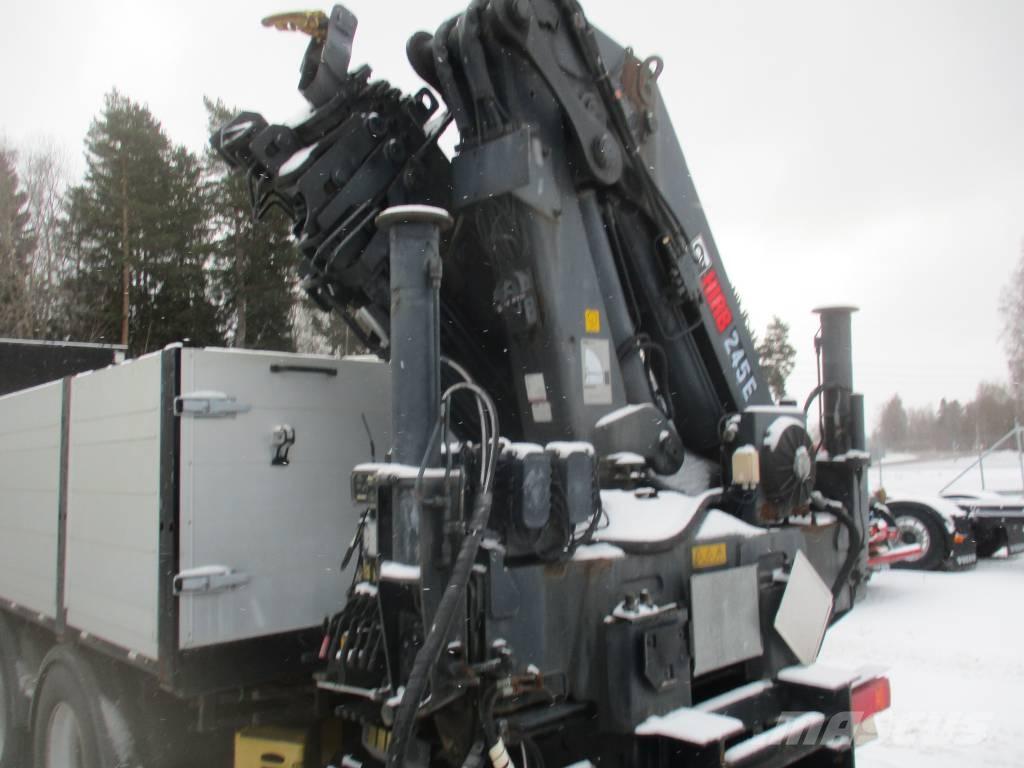 Hiab 245E-5 Iekrāvēju krāni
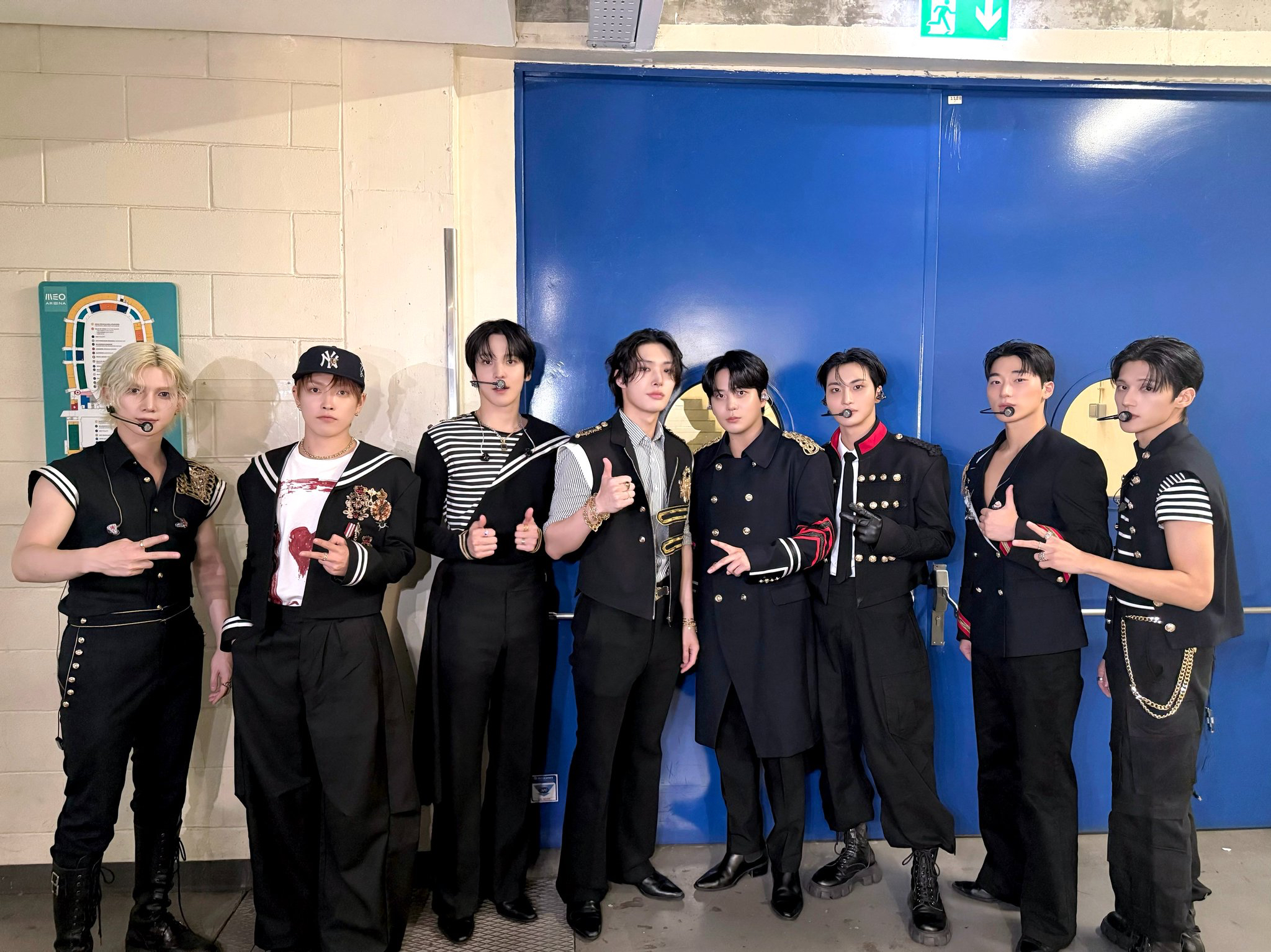 A moment captured by Seonghwa (ATEEZ)'s fan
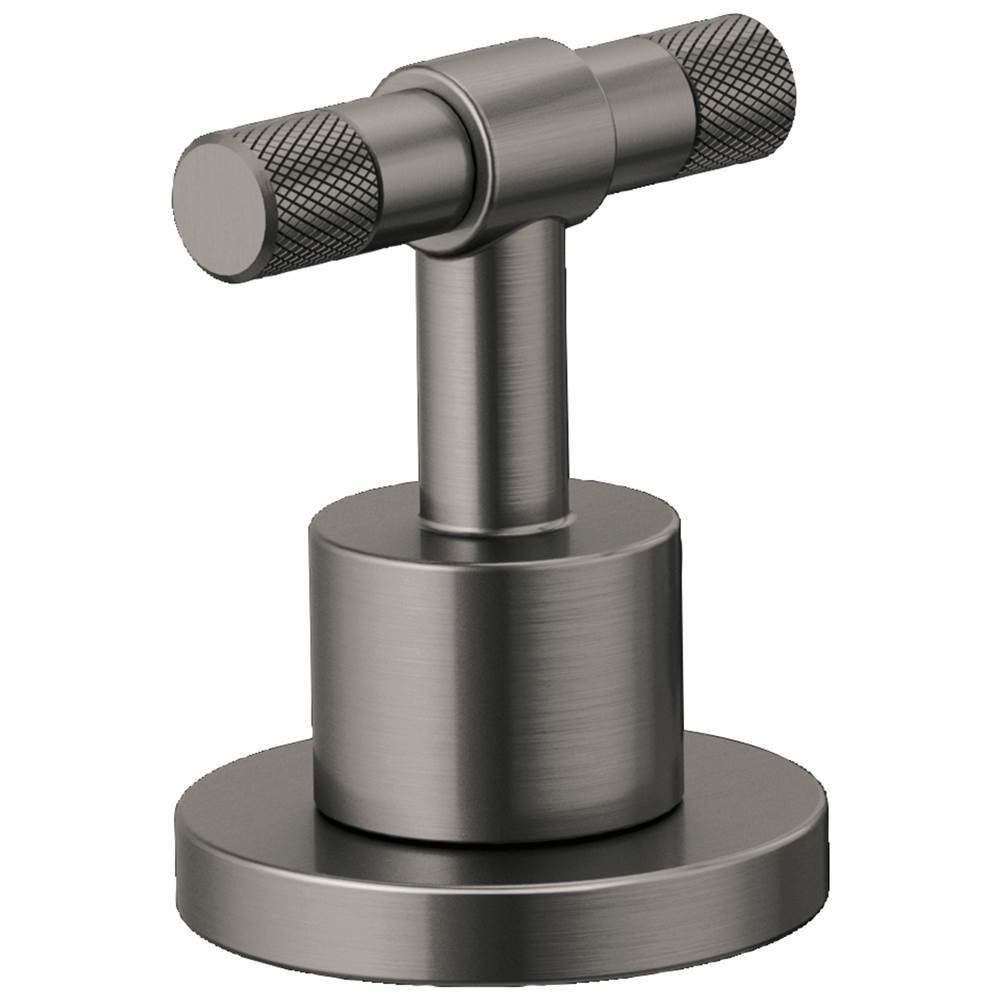 Brizo - Litze Widespread Lavatory T-Lever Handle Kit - Luxe Steel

#####

• _Work request_
Reproduce every line above word for word; no images.

• _Response area_
 Hiab 245E-5 Iekrāvēju krāni
 A moment captured by Seonghwa (ATEEZ)'s fan
 Brizo - Litze Widespread Lavatory T-Lever Handle Kit - Luxe Steel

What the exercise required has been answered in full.